2013-04-21 11:57:37 UTC

Post by SaÅ¡o Kiselkov

Post by Etienne Dechamps
In theory, you're right. Problem is, SCSI doesn't work that way
(probably because it's primarily designed for local targets, not remote
ones). It is a very well-specified protocol with very clear semantics
with respect to link loss, reconnects, logins and the like. Write cache
loss is not one of them. According to the specs, the initiator can very
well assume that the write cache is still there after a reconnect. Any
target that doesn't behave that way is breaking SCSI specs.

Can you please point me to the spec where it says that? Because if that
is true, the spec must have been written by an idiot. "Local" is
meaningless - the target can very well have been rebooted or power
cycled between link resets (remember hot swap?).

Post by Etienne Dechamps
Philosophically, when a link to a target goes down, SCSI is optimistic
and assumes that only the link went down, not the target itself.

http://youtu.be/6F9bscdqRpo

I investigated this problem and dug into the T10 specs a year ago. I
don't remember the exact references. If I'm not mistaken, I think it was
a consequence of the SCSI layering (I'm talking about
http://www.t10.org/scsi-3.htm), in which transient failures in the lower
layers (e.g. iSCSI, at the bottom of the stack) are transparent with
regard to the upper layers (e.g.

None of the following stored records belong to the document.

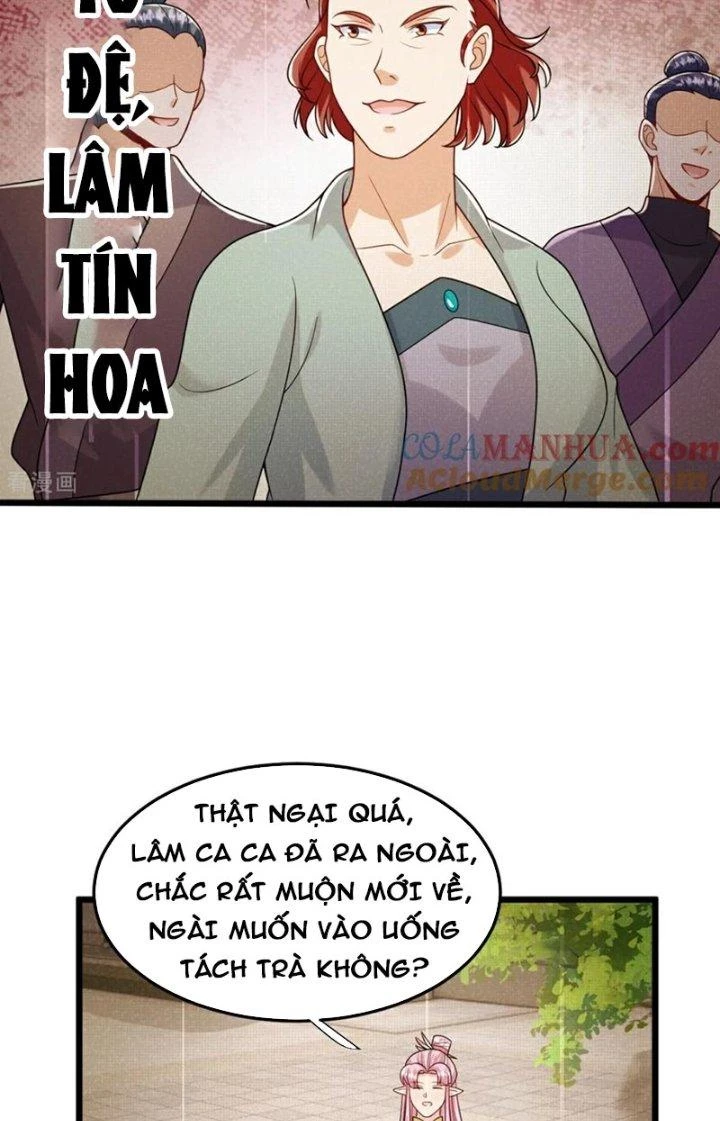 Chí Tôn Hoàn Mỹ Chapter 73 - Trang 2
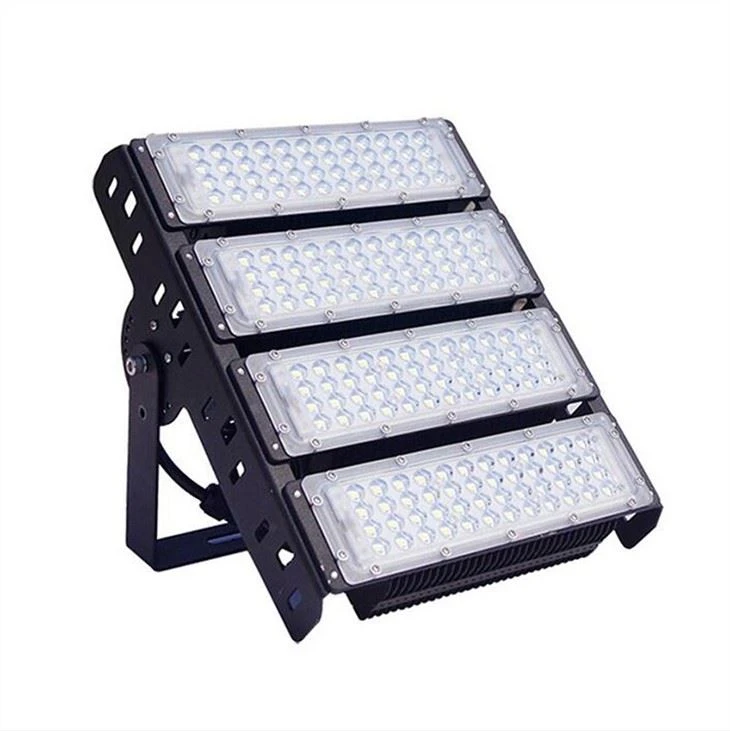 LED Спортен прожектор 400ват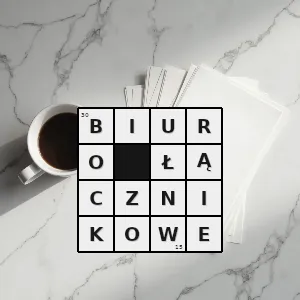 Hasło krzyżówkowe jednostka organizacyjna zajmująca się stałą bieżącą wymianą informacji między instytucjami organizacjami państwami itp - biuro łącznikowe – rozwiązanie, synonimy, podpowiedzi i definicje krzyżówkowe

SBC, at the top of the stack, which
handles write caching). IIRC (again), it comes down to the write cache
being a state of the logical unit, not the I_T nexus. Something like
that. I really don't feel like going through these hundred pages again
just for the sake of this argument.

To clarify: I'm not really saying that the target doesn't have any way
of notifying the initiator that a power cycle has occurred and that the
write cache is lost. It does (though I've never seen any iSCSI
implementation do that, which is why this is dangerous by default). The
thing is, if you do send that notification, then you're crashing your
VMs because OSes consider that an irrecoverable error. That's what
happens if you power cycle a non-redundant local disk while the OS is
using it: it tends not to like that. At all.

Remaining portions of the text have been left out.